# How do you decide if an egg is rotten or not ?



## Geochelone_Carbonaria (Aug 8, 2011)

Just a question to you more experienced Redfoot breeders out there;

How do you decide that an egg is rotten or non fertile, and when do you remove it from the incubator ? How long do you dare to wait ?

I usually wait as long as possible, but remove them as soon as they begin to smell or if they go grey/purple...


----------



## Tom (Aug 8, 2011)

I use the smell test too.


----------



## Yvonne G (Aug 9, 2011)

I wait until they explode.


----------



## yagyujubei (Aug 9, 2011)

If you wait that long, you contaminate all the other eggs with bacteria.


emysemys said:


> I wait until they explode.


----------



## richiecesa1 (Aug 15, 2011)

The best and the only way to decide is by smelling it.I do the same thing.


----------



## Geochelone_Carbonaria (Aug 15, 2011)

emysemys said:


> I wait until they explode.



That sounds a bit hazardy to me !

What do you mean by "explode" ? Do you mean until they start to leak or do you mean that literally ?


----------



## N2TORTS (Aug 16, 2011)

Geochelone_Carbonaria said:


> emysemys said:
> 
> 
> > I wait until they explode.
> ...



No ....Emmy's right ! .. They Explode* POP! .... stinky and messy ....I will use many deciding factors to judge rather an egg is bad or overdue.
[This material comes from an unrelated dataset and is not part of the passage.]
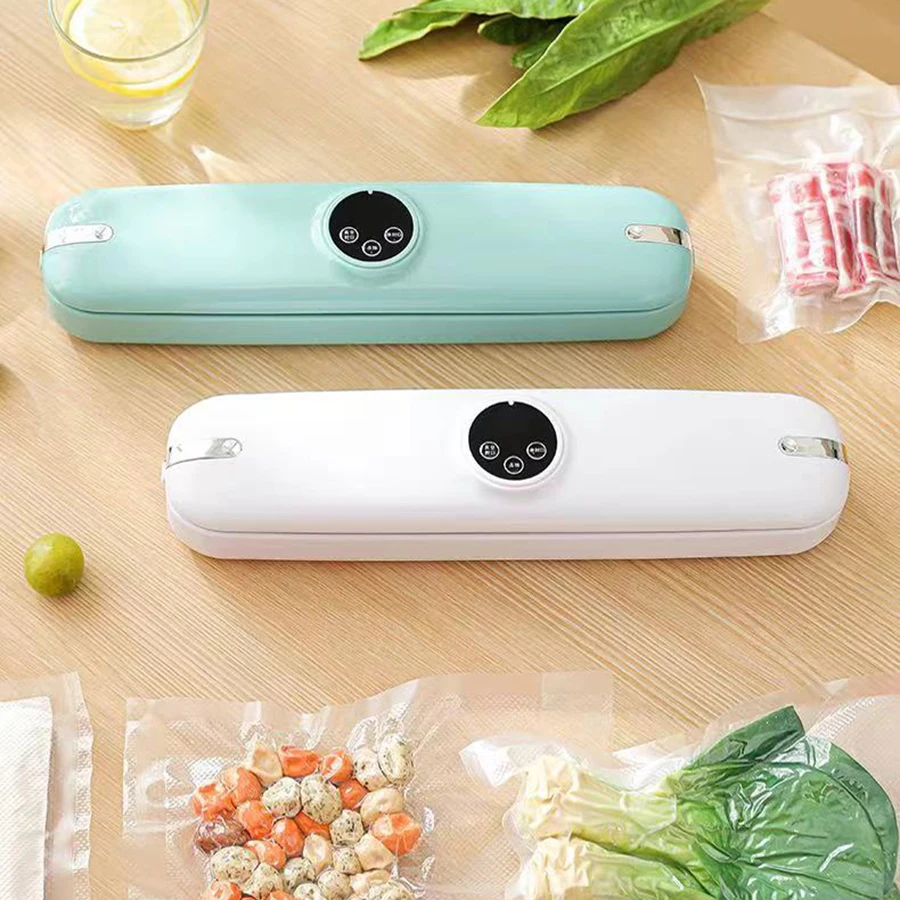 Led Display Digital Vacuum Sealer Machine Automatic Commercial Vacuum Sealer Food Packing Machine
Some of those consist of smell, texture, color, length of time, even the mother who laid them......

JD~


----------



## Yvonne G (Aug 16, 2011)

I've told this story before, but I'll tell it again:

I had 4 yellowfoot tortoise eggs in the incubator. After a time (memory isn't serving me properly, and I'm too lazy to go look it up), they turned black. The incubator usually smells a bit off after three or four months, so I can't go by the smell test. Besides, there are usually 40 o 50 eggs in there. If one smells bad, how do you distinguish which one it is? So, anyway, the YF eggs were black but I was waiting for the Manouria eggs to hatch, so I left them alone. Those 4 eggs hatched out 3 YF babies, and the 4th egg was not fertile. So, after that with black stinkin' eggs, I just wait until they explode. I don't want to take a chance on throwing away a developing baby.


----------



## Geochelone_Carbonaria (Aug 16, 2011)

emysemys said:


> I've told this story before, but I'll tell it again:
> 
> I had 4 yellowfoot tortoise eggs in the incubator. After a time (memory isn't serving me properly, and I'm too lazy to go look it up), they turned black. The incubator usually smells a bit off after three or four months, so I can't go by the smell test. Besides, there are usually 40 o 50 eggs in there. If one smells bad, how do you distinguish which one it is? So, anyway, the YF eggs were black but I was waiting for the Manouria eggs to hatch, so I left them alone. Those 4 eggs hatched out 3 YF babies, and the 4th egg was not fertile. So, after that with black stinkin' eggs, I just wait until they explode. I don't want to take a chance on throwing away a developing baby.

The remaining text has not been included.